L'honorable M. de Perceval veut faire admettre par la loi que les certificats de moralité et de probité pourront être admis ou sont admis en faveur de l'individu dénué de toute espèce de fortune, d'où je conclus que les certificats de moralité ne seraient pas admis en faveur de ceux qui possèdent une fortune quelconque et qui n'ont pas toujours de l'argent comptant.

Vous commencez donc par établir un privilège en faveur de ceux qui sont dénués de toute espèce de fortune.

Maintenant, remarquez le vague de votre amendement ; qu’est-ce que c'est que dénué de toute espèce de fortune ? Comment le tribunal pourra-t-il apprécier si un individu est ou n'est pas dénué de toute espèce de fortune ?

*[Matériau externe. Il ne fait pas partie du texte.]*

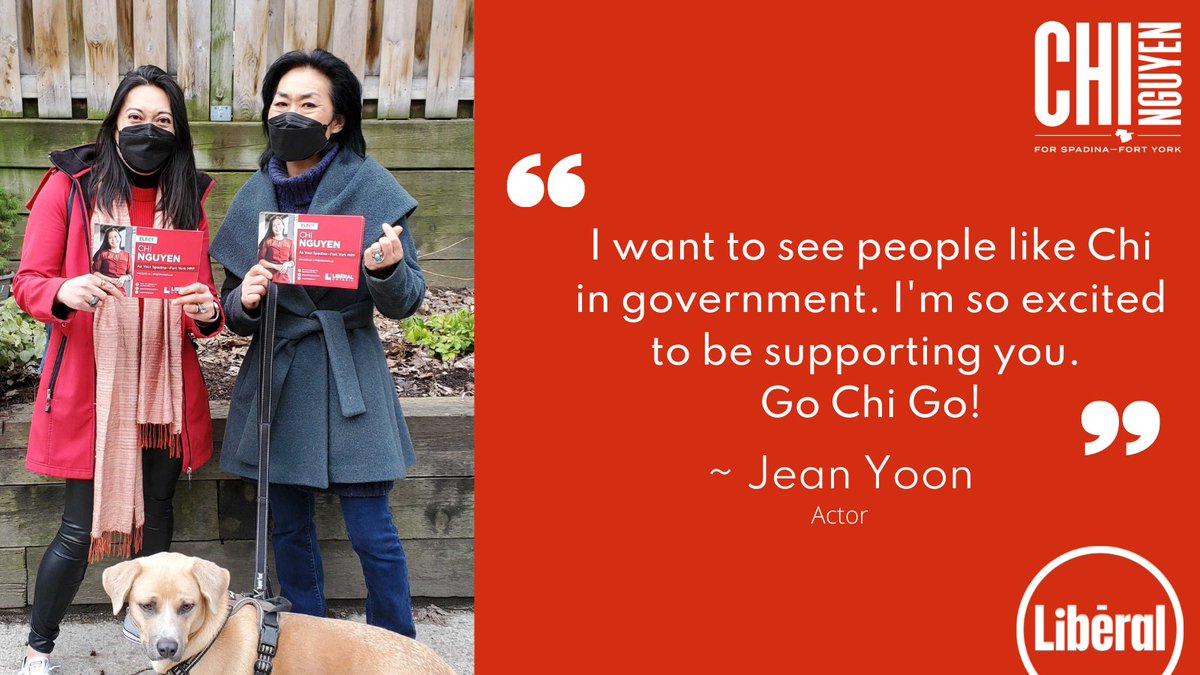 Thanks to @jean_yoon for the kind words!  I'm here for you, #SpaFY. On June 2nd, the choice is yours: vote for me, and for an investment in our communities into the future. 

#OnPoli #OntarioVotes #OnElxn #Elxn43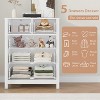 5 Drawer Dresser for Bedroom, Modern Wood Grain Chests of Drawers, with Deep Drawers & Metal Knobs, of Drawers for Bedroom, Entryway - 3 of 4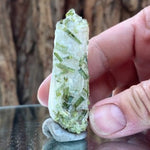 6.5cm 42g Green Tourmaline and Himalayan Quartz, Tulga Mine, Gilgit-Baltistan, Pakistan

On se place toujours au point de vue du Code d'instruction actuel ; on ne semble pas se douter qu'il y a déjà des articles votés qui consacrent des réformes plus radicales que toutes celles que l'on veut introduire dans le projet.

Je comprendrais parfaitement l'amendement sous l'ancien Code, alors que le minimum élait de 500 fr., lorsque personne ne pouvait être mis en liberté, une fois emprisonné ou mis sous mandat de dépôt, qu'en fournissant une caution élevée. Il y avait là de nombreux abus, mais ce sont des abus que nous faisons disparaître. Vous parlez toujours de petites peccadilles commises par de pauvres ouvriers, mais nous réformons ce système. Ces pauvres petites peccadilles ne donneront plus lieu à un emprisonnement préventif ; il ne faudra plus aucune caution quelconque : les individus demeureront en liberté.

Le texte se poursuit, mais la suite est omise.